I think 2011-2014 were some of the worst years of my lifetime so far. To be truly honest HpS Maharaj, I contemplated a lot of things, to come to grips on understanding what I wanted to do. I actually don't regret that abominable incident I told you of years back. I do not blame anyone else, if it was a trick of the witch Maya then I am grateful. It's simply a reminder of the fallenness of my position, even if I hadn't committed it.  I contemplated leaving ISKCON, attempted castration to become eunuch or to killing myself and forgetting Krsna again. After years of writing, depression and thinking about my qualifications, I told HDG Srila Prabhupada the last time I met him in my dreams: he encouraged me to become a good servant of Krsna, but I replied that I think it would be better to become a good servant of the devotees. He had a very grave pause, then replied "Yes, that is correct."

I can only say that I'm not the servant of Krsna, nor Radha or any of their associates. Not lord Gaurahari or Nitai or their associates. I find my only hopes and shelter in a place among aspiring to be a good servant of HDG's servants, servants, servants, servants, servants eternally. I rest on the shelter in serving vaishnavas. Overcome all material desires and find that eternal desire to love and serve devotees in my stone cold heart. No more than that. I'm sorry I do not even truly desire that aspiration enough. Material life weaves a comfortable illusion of immortality, forgetfulness and complacency in myself. If I died today, tommorow or however, whenever, I pray that I will not forget this desire, ever.

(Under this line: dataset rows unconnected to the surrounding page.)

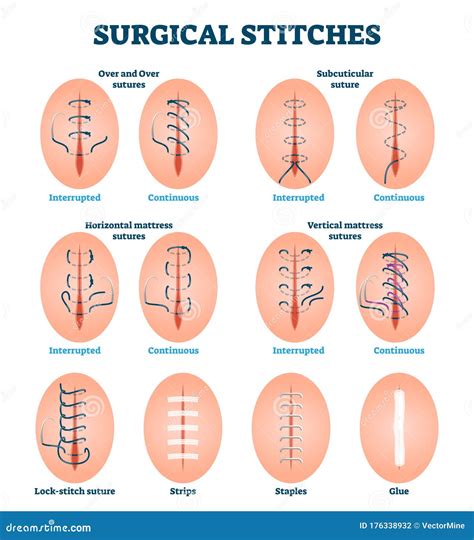 Method Of Surgical Suture For Wound Isolated On White Background Vector ...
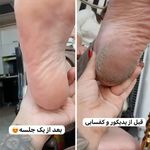 خدمات تخصصی  ناخن Sarniz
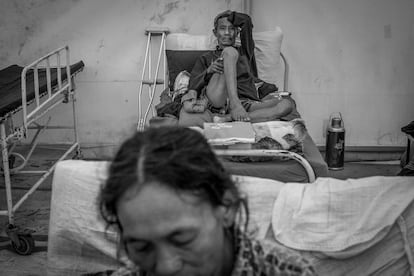 Kancha Lama Tamang fue herido en ambas piernas después de que su casa se derrumbase sobre él durante el seismo. Durante meses, Kancha Lama vive sin moverse en una cama dentro de un hospital de campaña creado por Médicos sin Fronteras en las afueras de Katmandú.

I'm sorry to confide in you this idiotic and brutal honesty/sentiment from my material mind. I just wanted you to understand where I'm coming from, in hopes I can truly desire to aspire to be your disciple and serve your servants, somehow, someday. I thought confessing this would help for me to increase my desire to serve, get to my steady 16-4, and to be fair that you should understand what I think if I want to aspire to your lotus feet. I respect you greatly. Anyhow I'm just an idiot, I wish I could've and could do more. That I didn't have a stone heart and could really be the servant I want to be. Thats what I hope I'm going to school for, trying to be a better student, finding skills to serve.

I apoligize again if I offend you Maharaja. I'm not looking for sympathy or praise, just straight talk.

I want to humbly ask that this not be published publicly.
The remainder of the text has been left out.